:: PROVIDED RECORDS ::

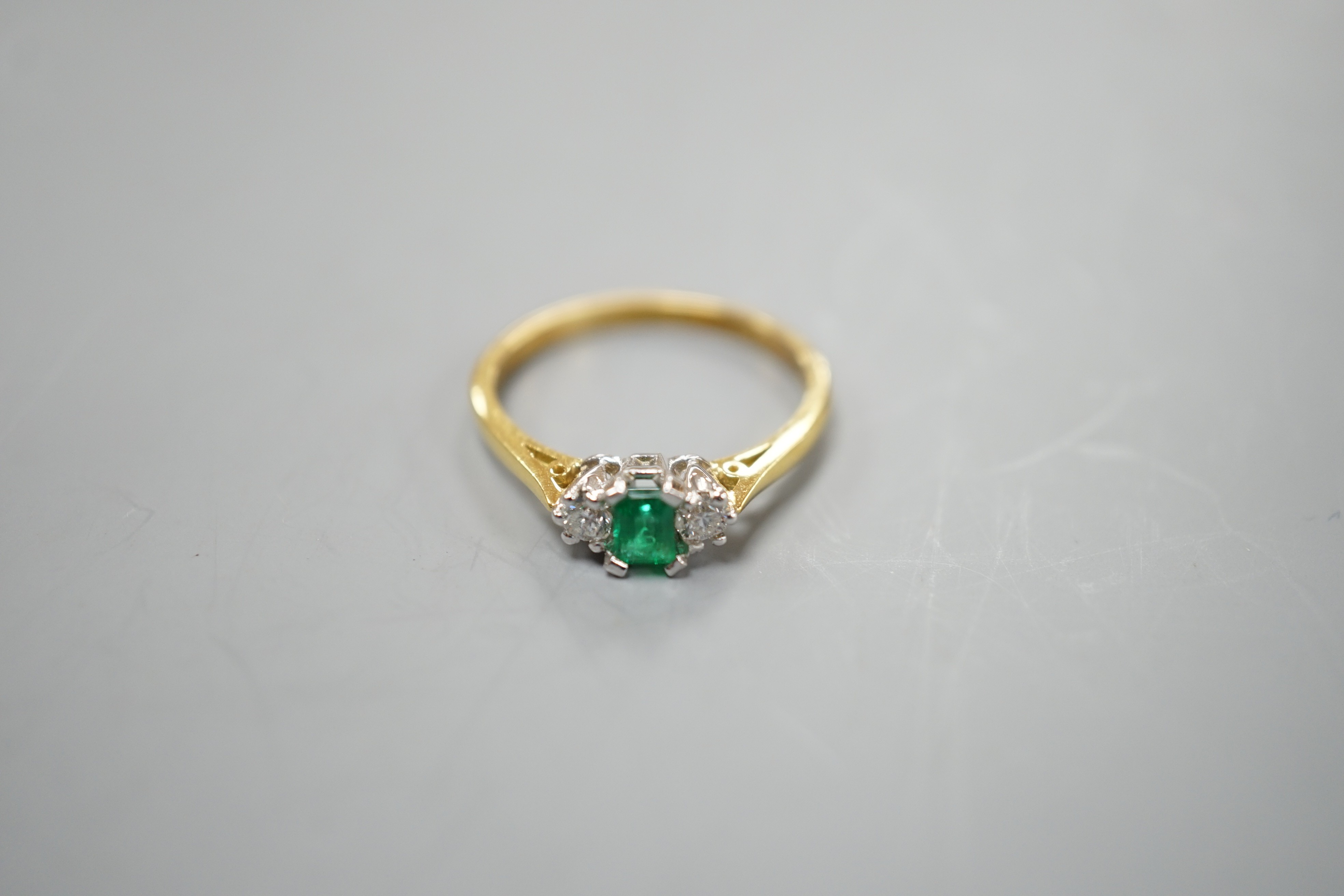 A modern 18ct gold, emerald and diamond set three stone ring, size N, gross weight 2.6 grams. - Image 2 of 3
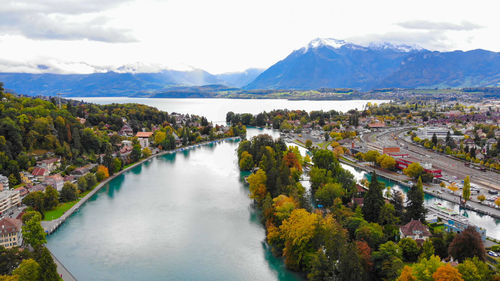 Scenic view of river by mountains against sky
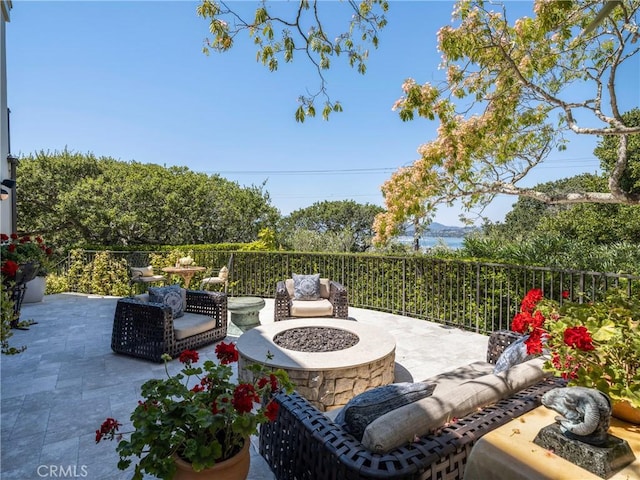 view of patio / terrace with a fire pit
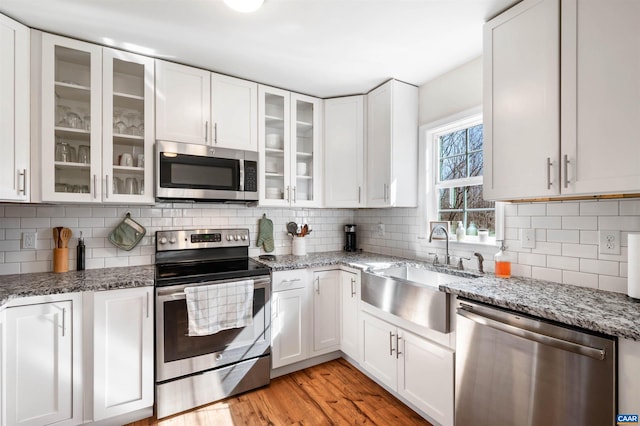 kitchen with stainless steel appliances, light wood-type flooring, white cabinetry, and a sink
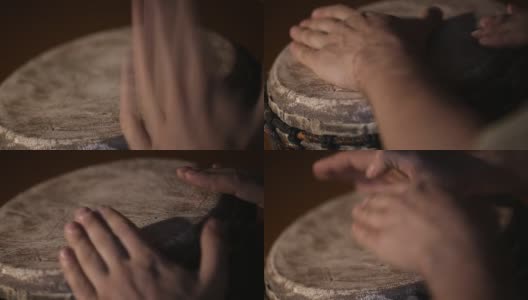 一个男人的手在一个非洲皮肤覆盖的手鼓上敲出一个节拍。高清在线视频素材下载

:::
:: PROVIDED RECORDS ::

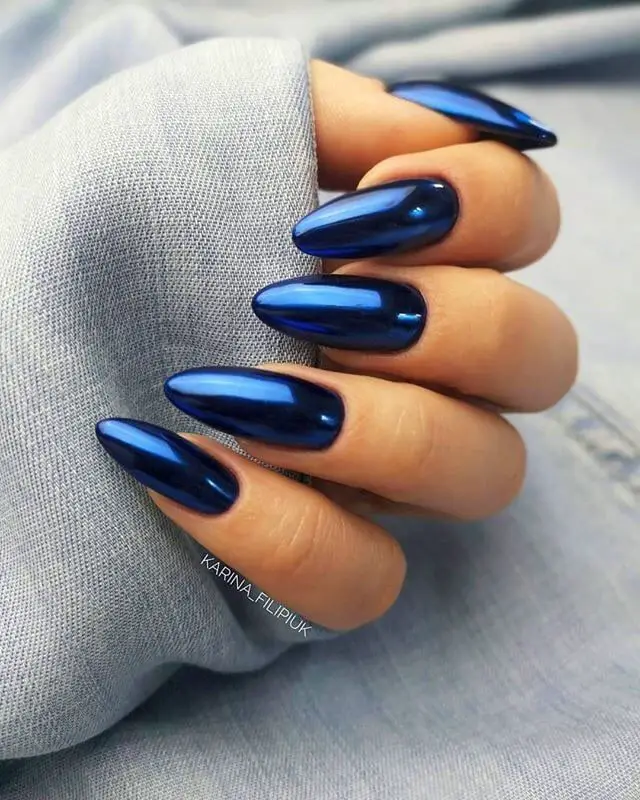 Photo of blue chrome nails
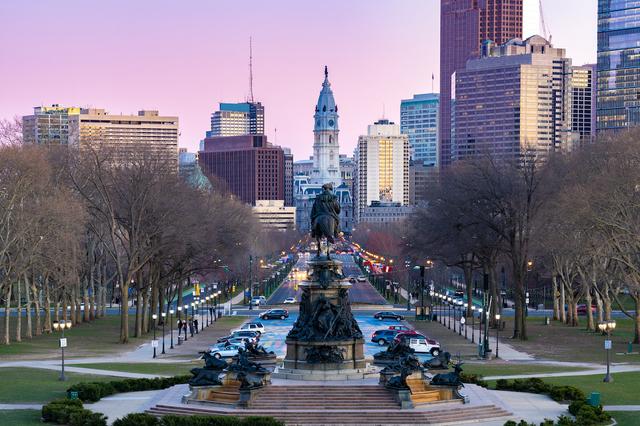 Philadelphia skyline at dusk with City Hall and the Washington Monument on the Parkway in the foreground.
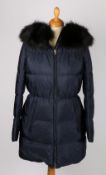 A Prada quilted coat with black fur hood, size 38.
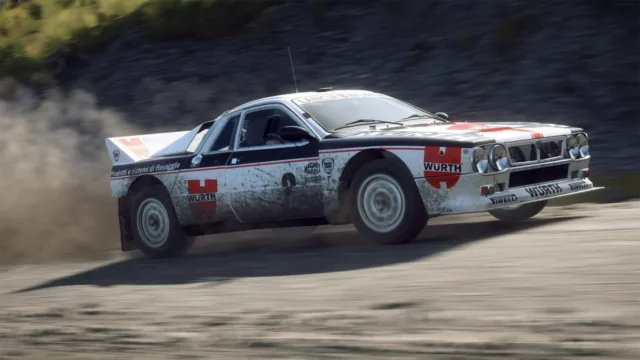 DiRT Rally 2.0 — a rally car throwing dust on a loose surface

:::

• **REQUIREMENT**
The copy should hold exactly the lines above from the one with "A modern 18ct" through the one with "一个男人的手在一个非洲皮肤覆盖的手鼓上敲出一个节拍。高清在线视频素材下载", both ends counted, and no pictures at all.

• **EXERCISE OUTPUT**
 A modern 18ct gold, emerald and diamond set three stone ring, size N, gross weight 2.6 grams. - Image 2 of 3
 Scenic view of river by mountains against sky
 view of patio / terrace with a fire pit
 kitchen with stainless steel appliances, light wood-type flooring, white cabinetry, and a sink
 一个男人的手在一个非洲皮肤覆盖的手鼓上敲出一个节拍。高清在线视频素材下载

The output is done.